* RECORDS SUPPLIED
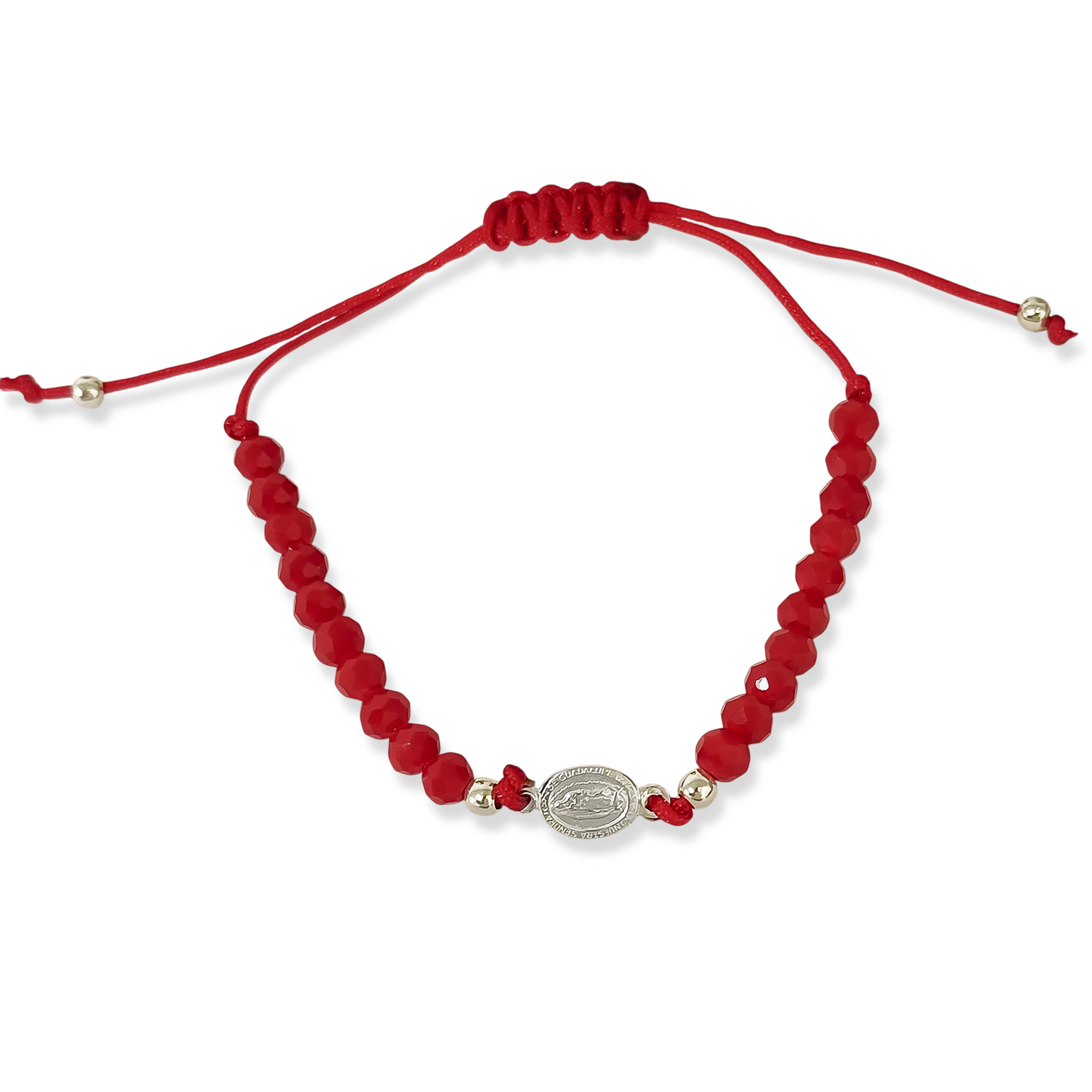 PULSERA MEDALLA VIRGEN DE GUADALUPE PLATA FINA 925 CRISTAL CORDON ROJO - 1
---
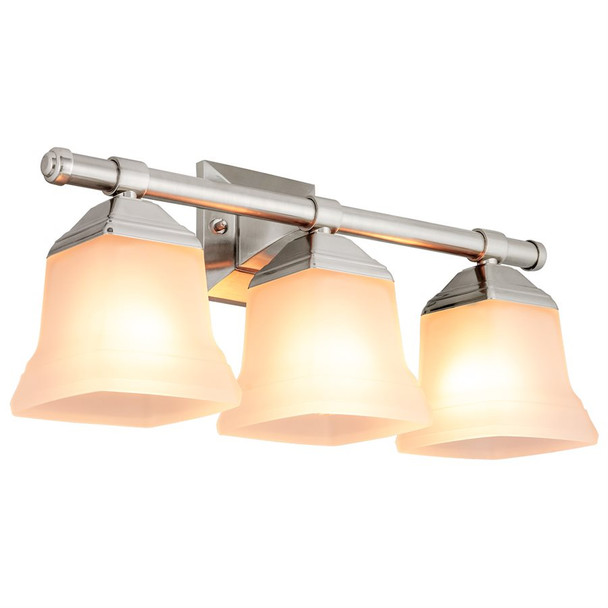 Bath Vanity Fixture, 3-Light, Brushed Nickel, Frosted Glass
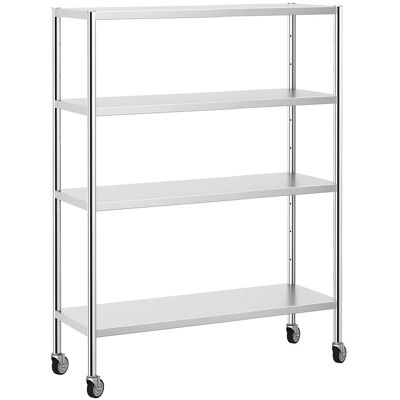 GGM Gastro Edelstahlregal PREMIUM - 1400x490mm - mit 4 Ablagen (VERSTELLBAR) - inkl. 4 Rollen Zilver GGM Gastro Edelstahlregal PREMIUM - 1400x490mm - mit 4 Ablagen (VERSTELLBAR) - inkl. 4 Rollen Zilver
---
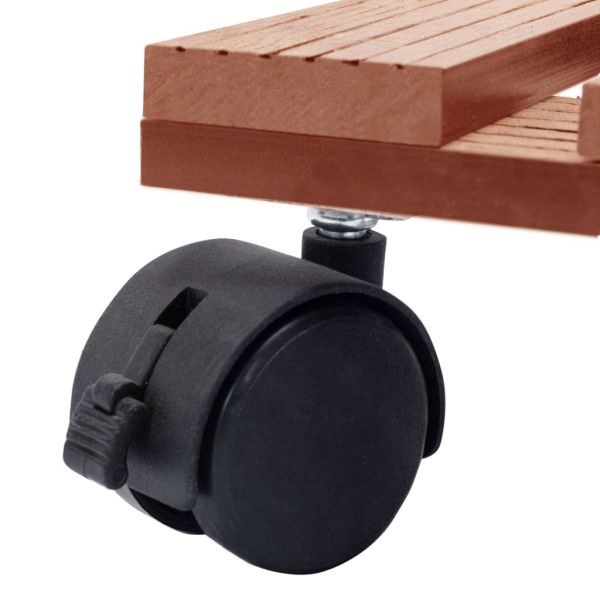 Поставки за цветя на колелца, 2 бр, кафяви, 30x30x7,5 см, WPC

* WORK TASK
Above are some entries. Restate word for word the lines from the one holding "Bath Vanity Fixture, 3-Light, Brushed" through the one holding "Rollen Zilver GGM", but not the pictures.

* ANSWER BELOW
 Bath Vanity Fixture, 3-Light, Brushed Nickel, Frosted Glass
 GGM Gastro Edelstahlregal PREMIUM - 1400x490mm - mit 4 Ablagen (VERSTELLBAR) - inkl. 4 Rollen Zilver GGM Gastro Edelstahlregal PREMIUM - 1400x490mm - mit 4 Ablagen (VERSTELLBAR) - inkl. 4 Rollen Zilver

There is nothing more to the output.